My kid is outside 20 times a day, in and out. There's no water, traffic, chemicals, to get into. He's either hammering nails into a board, unscrewing something or digging in the dirt. We are 200 ft from the road. When I say he's very capable, he will check a ladder and let us know he needs a "holder" cause it's wobbly. He watched a YouTube tutorial on drywall repair one morning and kept a mental shopping list of everything we needed until we went back to Home Depot. And then we repaired our drywall together. He is so intentional, yet we do still keep him close and keep an eye on him. He's two. But an old man two. I do not let him outside unless I'm keeping an eye in him, so this is not a typical scenario but I'm not freaked out by it.
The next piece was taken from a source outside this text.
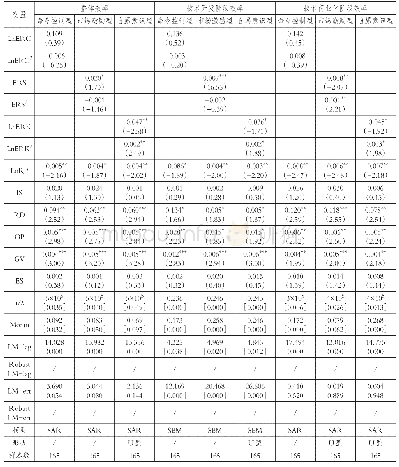 《表3 不同类型环境规制对长江经济带绿色创新效率的空间效应估计结果》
I ran outside immediately. The whole thing was resolved within two minutes of her arriving. I was shocked that her first instinct was to tell us she’s reporting it. She has never interacted with our son before, despite living next door. We’ve had tension in the past with her dogs using our deck as their bathroom, and we’ve made complaints about it because that's where our toddler plays, but it's always been polite and directly to her and her boyfriend. It's not like we have ever called it in to the city or something. So part of me wonders if this was some built up irritation with us and she jumped on an opportunity.
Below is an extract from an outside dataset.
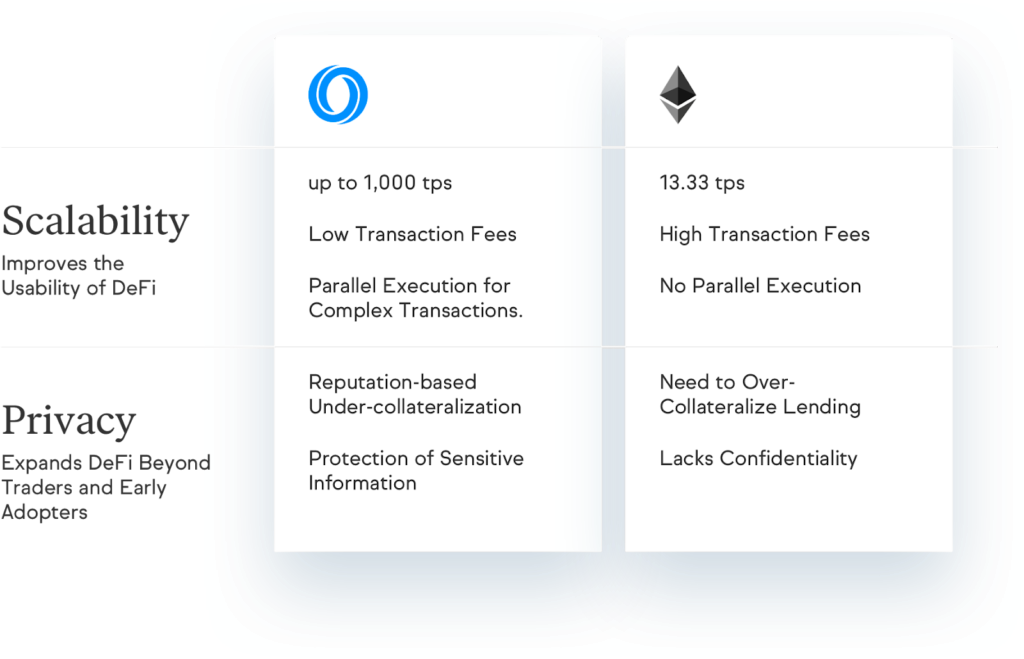 Oasis Ağı nedir?  Oasis Network ve ROSE .coin hakkında tüm bilgiler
Looking back at the ring camera and confirming how he was out there for less than 5 minutes and he at no point attempted to come back inside, he tells me he was crying that the bunnies wouldn't let him catch them and not fear. The fear crying started when she tried to coax our son inside, but he didn’t go near her. Watching the videos he told me she was “a stranger and dangerous,” and honestly, he was rightfully uncomfortable. I asked him if she tried to pick him up and bring him in, would that have been ok? And he said, no strangers are dangerous.
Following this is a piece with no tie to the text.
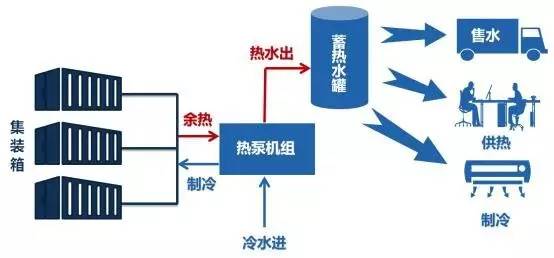 慧翰股份：数字化能源管理方案可适配AIDC数据中心需求(图1)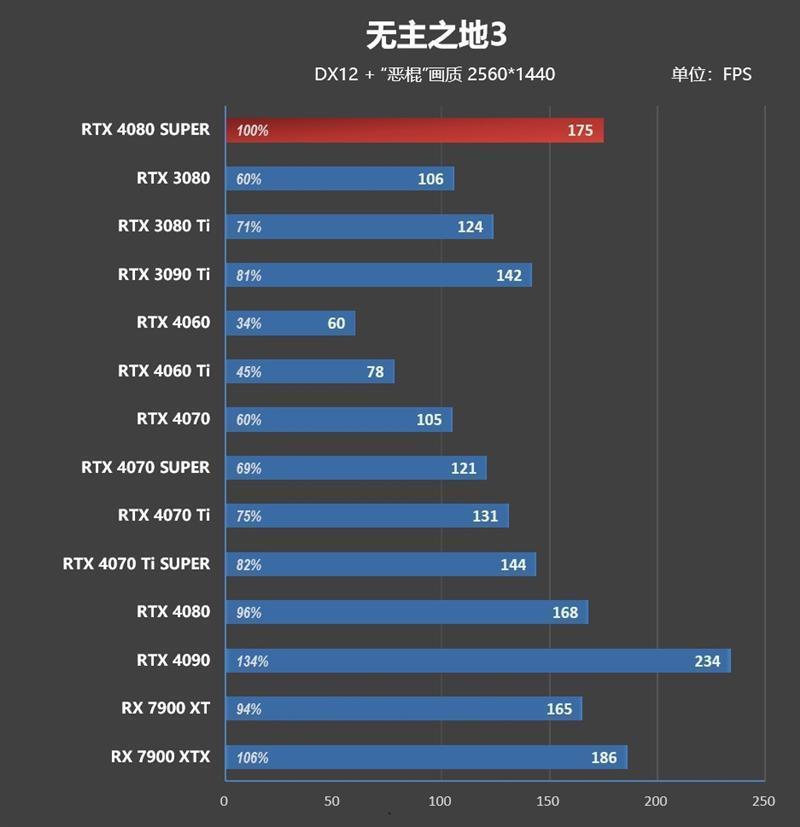 8099元是你的菜吗！NVIDIA RTX 4080 SUPER首发评测：能效比2倍于RTX 3090 Ti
He's not wrong and I was not framing my questions to him to paint her as the villain. I was watching the ring clips with him and asking what's happening.
The interior door was open, he wasn't locked out, he wasn’t cold, hurt, or in danger—he was just crying because the bunny ran away. And now a stranger is standing between him and the open door. He was crying for me at that point because she was standing there.
Ok, so he's fine. I'm not freaked out that CPS is coming to my door. I've been a foster parent. I know they're just doing their job and it's a non issue.
Here’s where I might be the asshole: I’m annoyed that she escalated something unnecessarily and caused the situation to be scary for my son in my mind. If it was raining, cold, he fell, he was locked out, it was 10-20 minutes alone, he was wandering in her yard or the street, he had a knife in his hand, or ANYTHING that was justifiable, I would absolutely agree with the report. But she's one of the only neighbors without kids. I want to let the rest of our neighborhood know that she's wearing her mandated reporter hat first and not her friendly neighbor hat.
It matters because kids are riding their bikes past her house, they're riding four wheelers, they're running around in groups. We pick kids up and drive them home if their hurt. We fix a wheel in the road if it's broken. We let a kid in the house if they get locked out. It's not all the time, but you want to know that your neighbors are going to help if you needed it and not call you into CPS, right?
I'm selling my house this summer so I don't need to be friends with her. Can I tell all our neighbor friends that after this encounter, I'd be worried she's potentially going to report them to CPS if she comes across a crying kid?